* **PROBLEM**: Leave the images aside and copy out the whole listing, exact to the word.
------------------------------
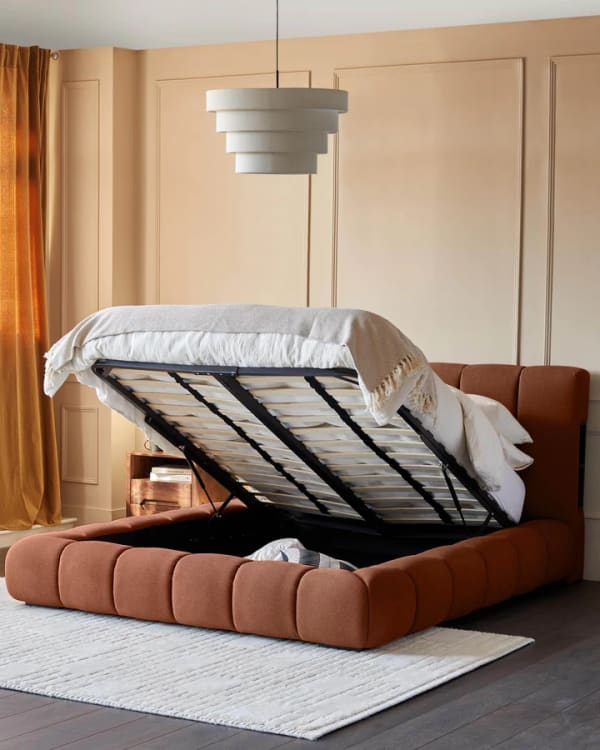 Lilly Bed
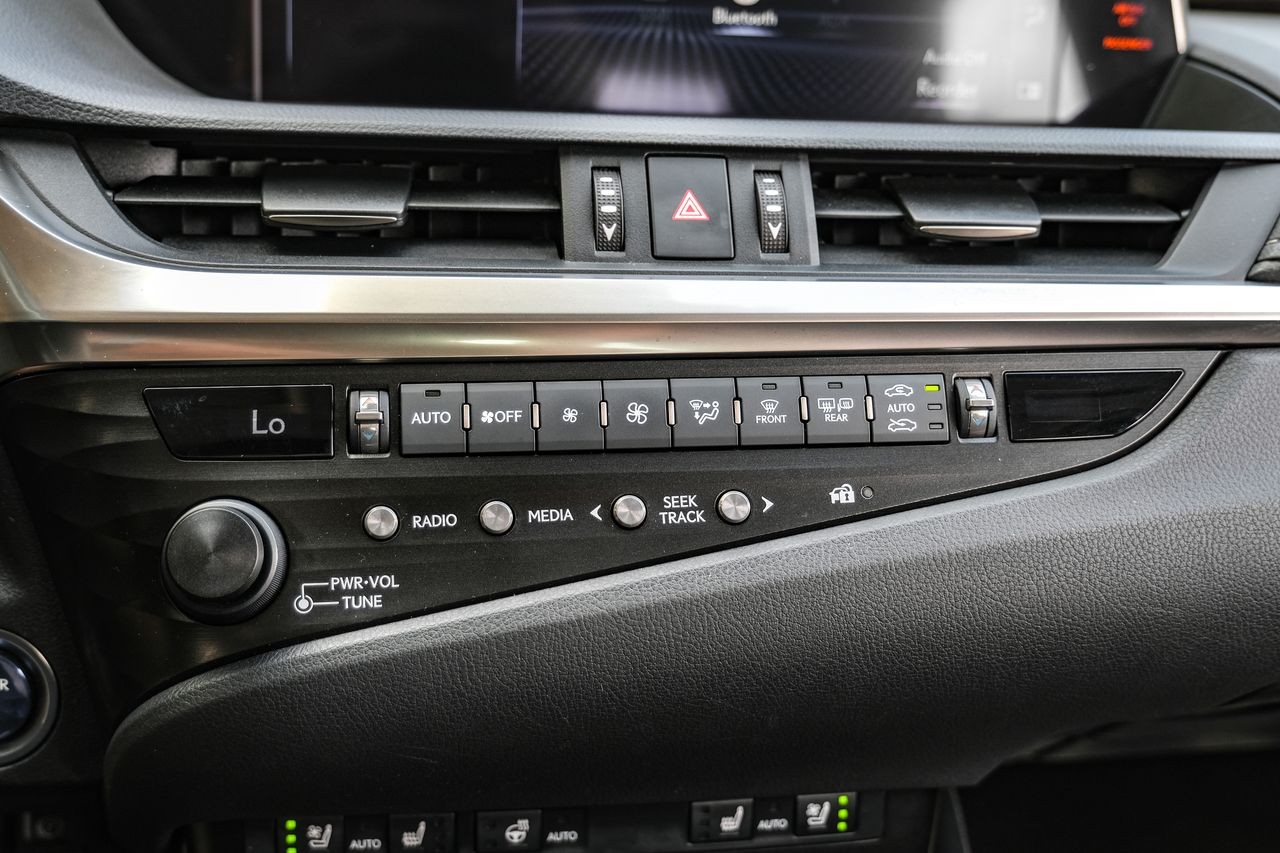 Lexus ES Vehicle Main Gallery Image 28
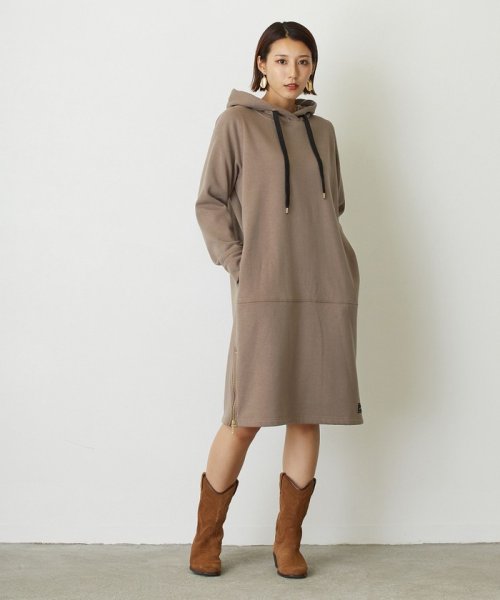 裏シャギー フードワンピース ニコルホワイト Nicole White Magaseek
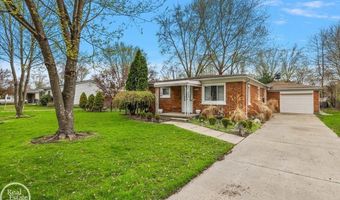 918 Columbia, Algonac, MI 48001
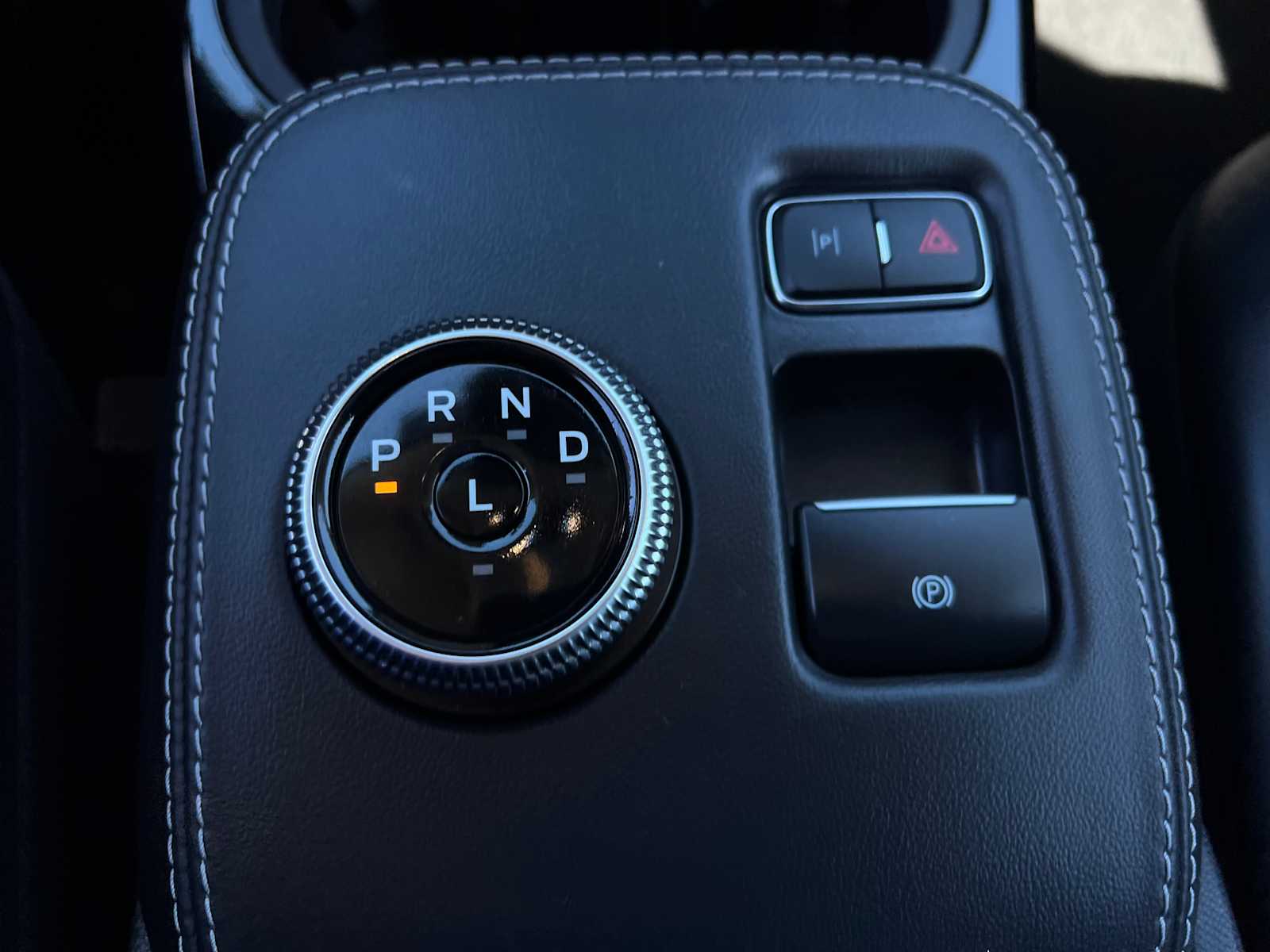 2022 Ford Mustang Mach-E Select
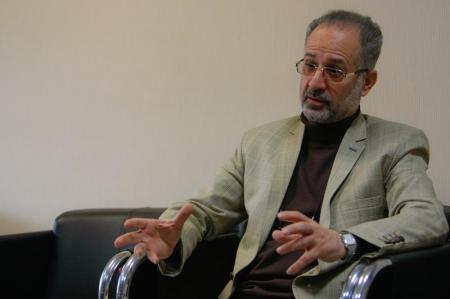 آمریکا در پی ایجاد شکاف میان دیپلماسی و مقاومت است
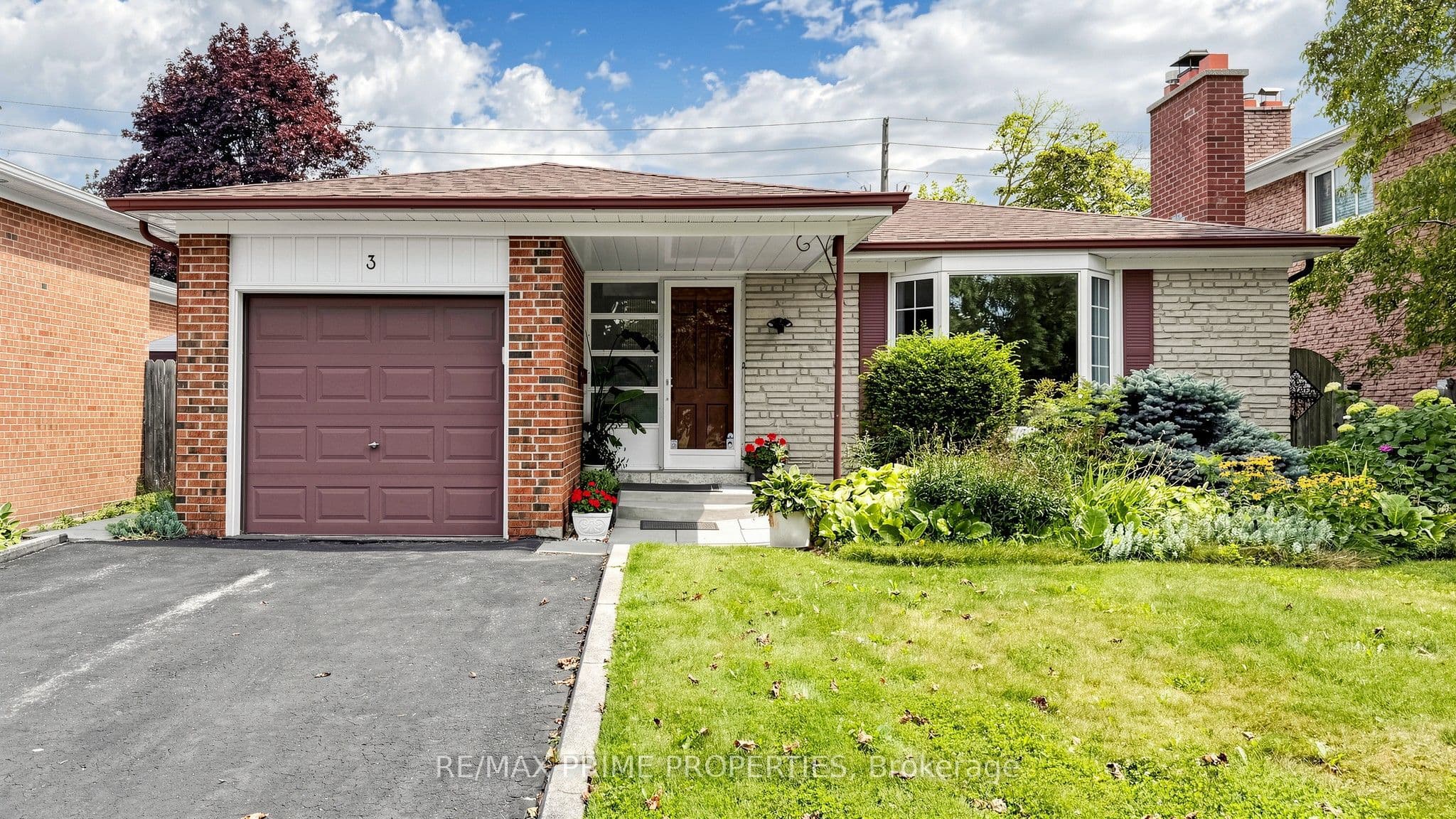 3 Leeswood Crescent E, Toronto, ON M1S 2P4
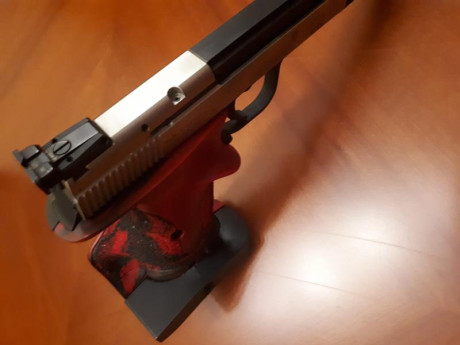 Saludos pongo en el foro pistola  modelo hammerli
esse sport. Como ya es conocido son pistolas del calibre 122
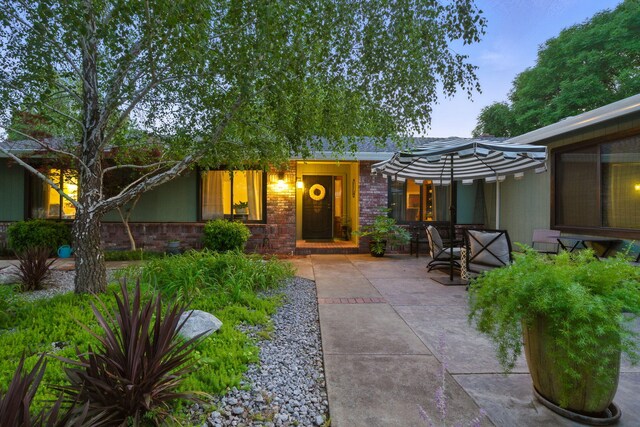 6966 Granada Dr, Redding, CA 96002 - view of front of house featuring a patio area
------------------------------
* **OUTPUT FOR THIS TASK**:
 Lilly Bed
 Lexus ES Vehicle Main Gallery Image 28
 裏シャギー フードワンピース ニコルホワイト Nicole White Magaseek
 918 Columbia, Algonac, MI 48001
 2022 Ford Mustang Mach-E Select
 آمریکا در پی ایجاد شکاف میان دیپلماسی و مقاومت است
 3 Leeswood Crescent E, Toronto, ON M1S 2P4
 Saludos pongo en el foro pistola  modelo hammerli
esse sport. Como ya es conocido son pistolas del calibre 122
 6966 Granada Dr, Redding, CA 96002 - view of front of house featuring a patio area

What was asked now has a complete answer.